Records excerpted from a collection:
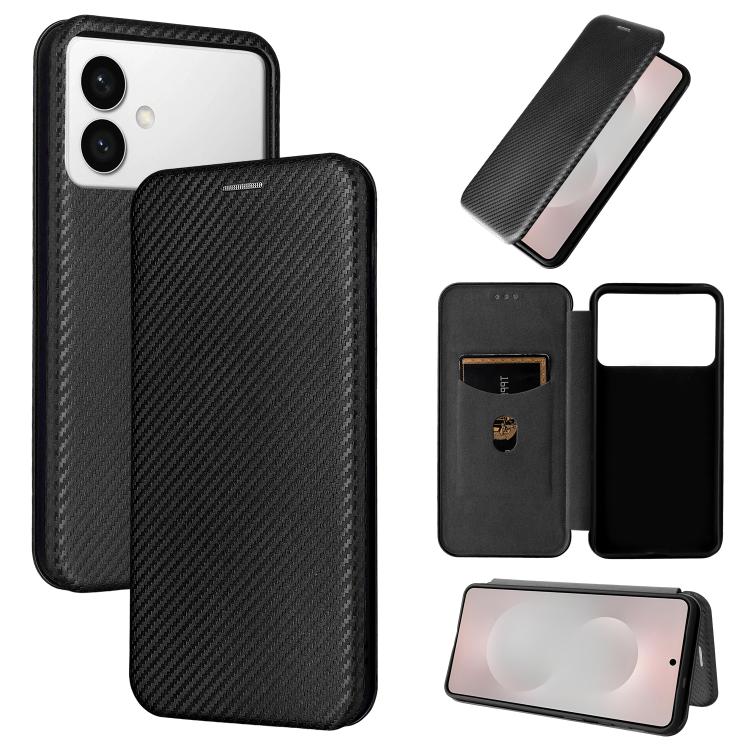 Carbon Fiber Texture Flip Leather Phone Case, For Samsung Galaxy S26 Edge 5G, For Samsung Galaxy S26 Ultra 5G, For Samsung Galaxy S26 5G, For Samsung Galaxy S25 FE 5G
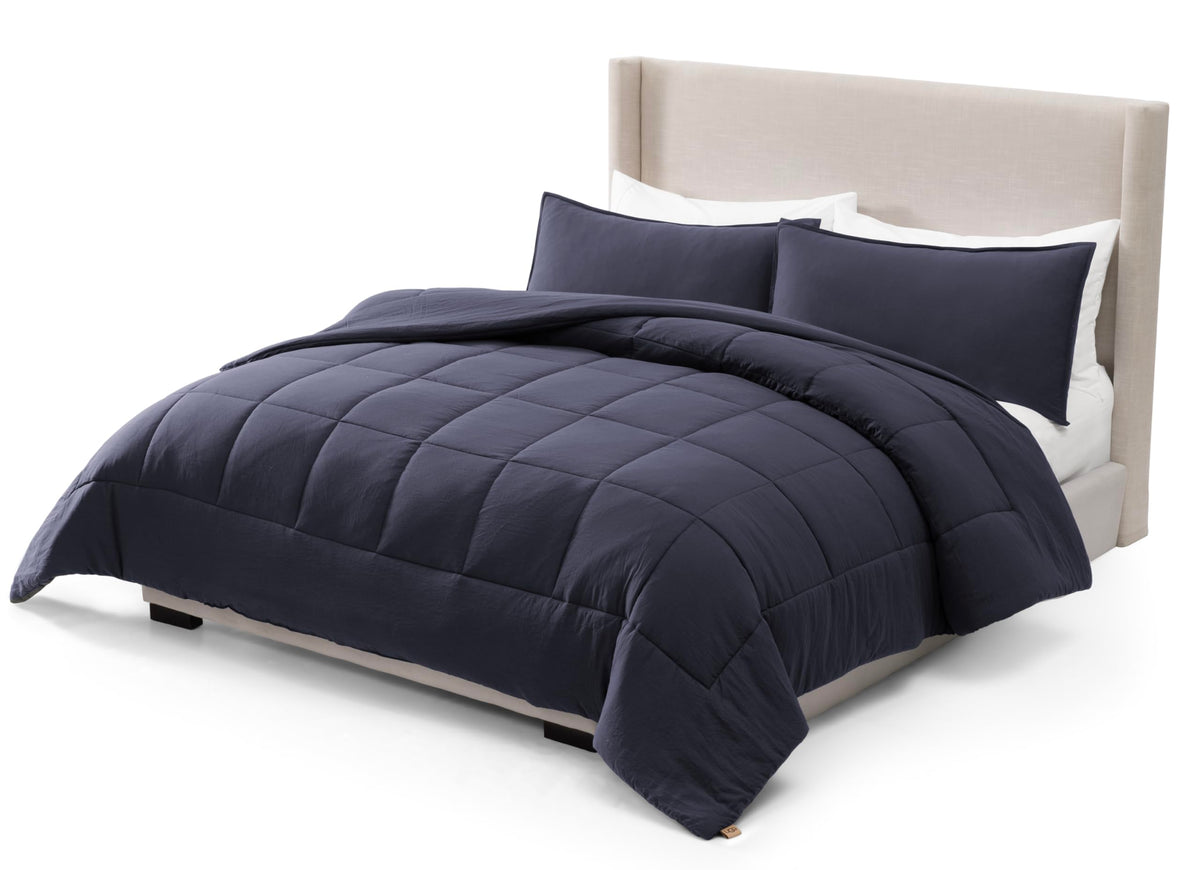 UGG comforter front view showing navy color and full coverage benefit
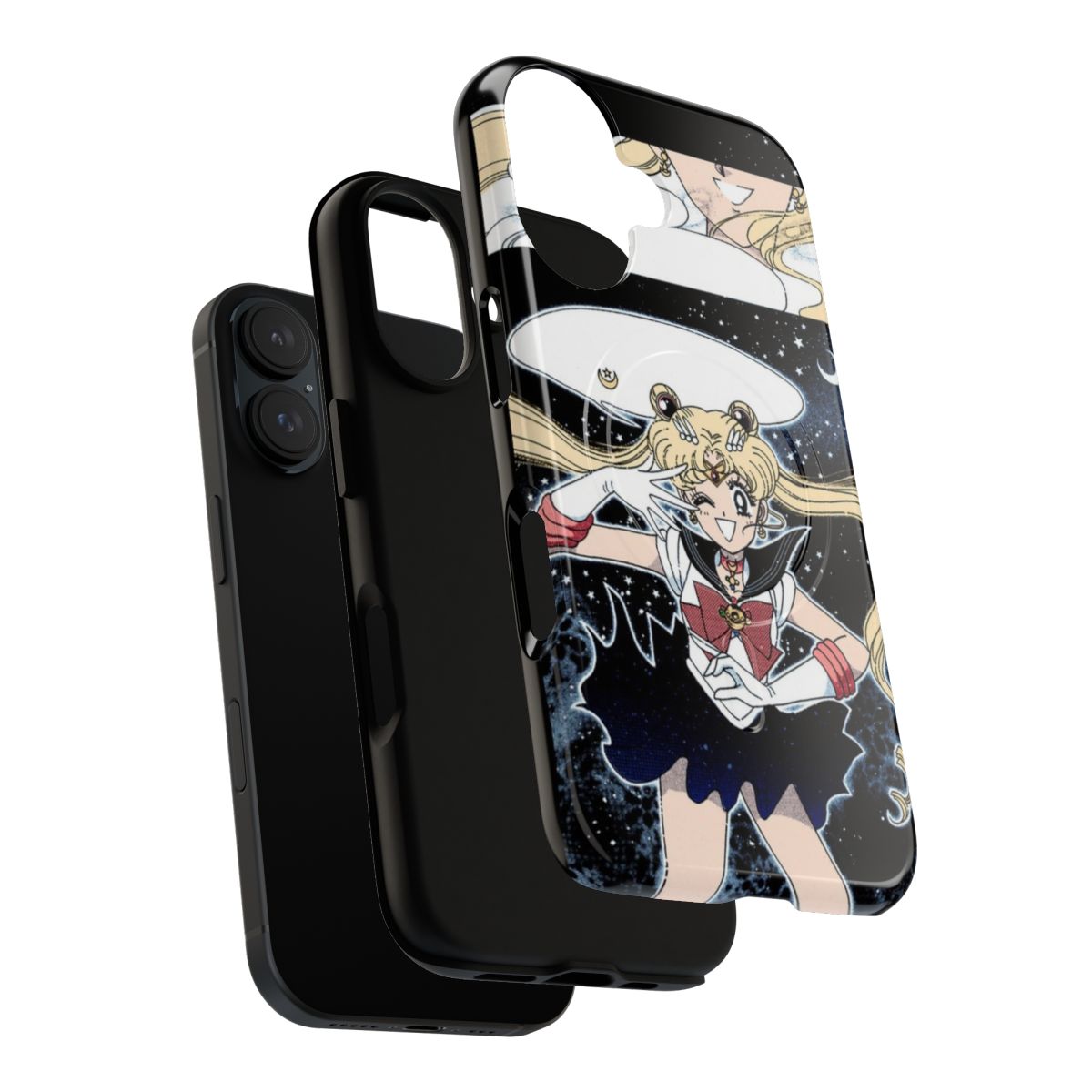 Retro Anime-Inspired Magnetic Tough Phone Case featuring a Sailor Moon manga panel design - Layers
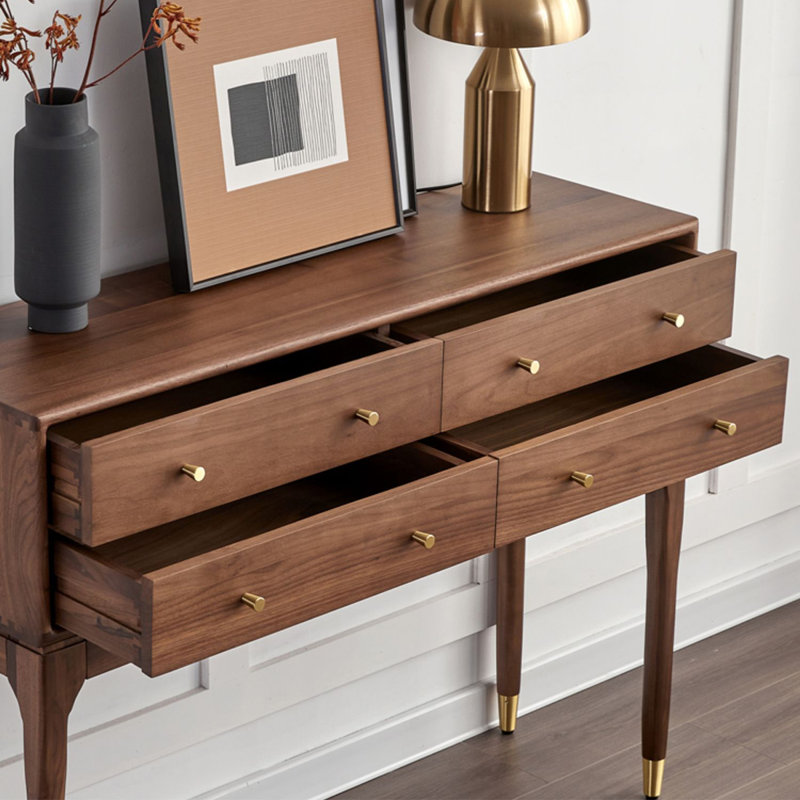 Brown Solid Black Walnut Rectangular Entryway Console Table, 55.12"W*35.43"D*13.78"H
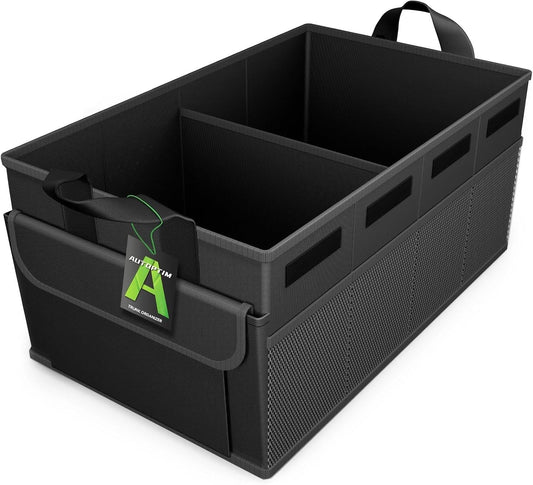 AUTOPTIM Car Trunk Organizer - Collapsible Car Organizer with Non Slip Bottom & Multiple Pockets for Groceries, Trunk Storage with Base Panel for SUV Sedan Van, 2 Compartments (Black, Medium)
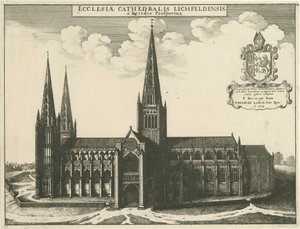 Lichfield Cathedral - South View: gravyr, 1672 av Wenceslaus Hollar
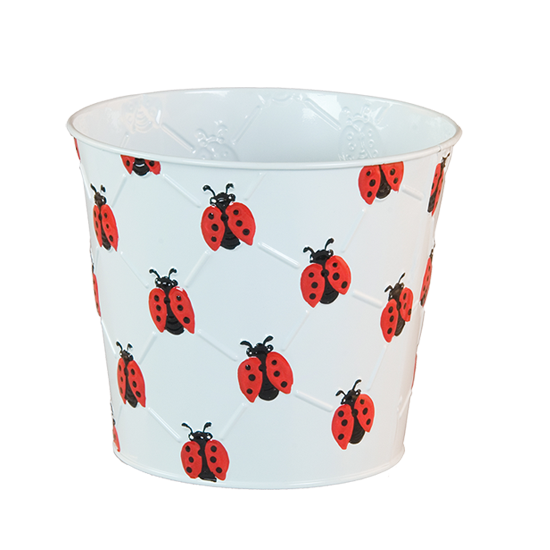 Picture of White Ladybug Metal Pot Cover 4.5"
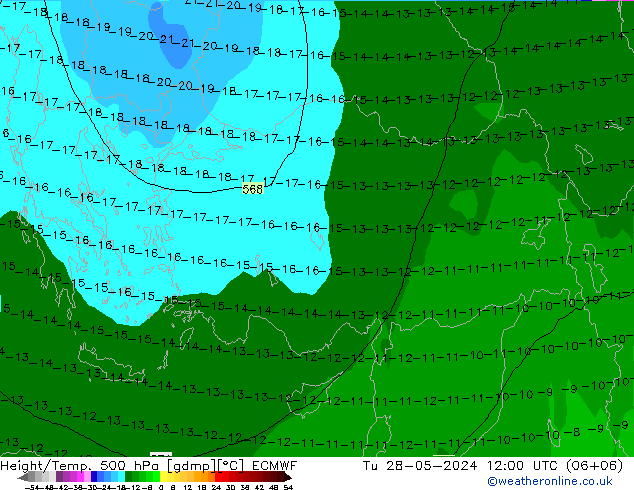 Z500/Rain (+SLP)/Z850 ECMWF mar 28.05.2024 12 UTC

ACTIVITY
Exclude every picture, then return precisely the lines that run from the line containing "Brown Solid Black" through the end of the entries above.

RESULT BELOW
 Brown Solid Black Walnut Rectangular Entryway Console Table, 55.12"W*35.43"D*13.78"H
 AUTOPTIM Car Trunk Organizer - Collapsible Car Organizer with Non Slip Bottom & Multiple Pockets for Groceries, Trunk Storage with Base Panel for SUV Sedan Van, 2 Compartments (Black, Medium)
 Lichfield Cathedral - South View: gravyr, 1672 av Wenceslaus Hollar
 Picture of White Ladybug Metal Pot Cover 4.5"
 Z500/Rain (+SLP)/Z850 ECMWF mar 28.05.2024 12 UTC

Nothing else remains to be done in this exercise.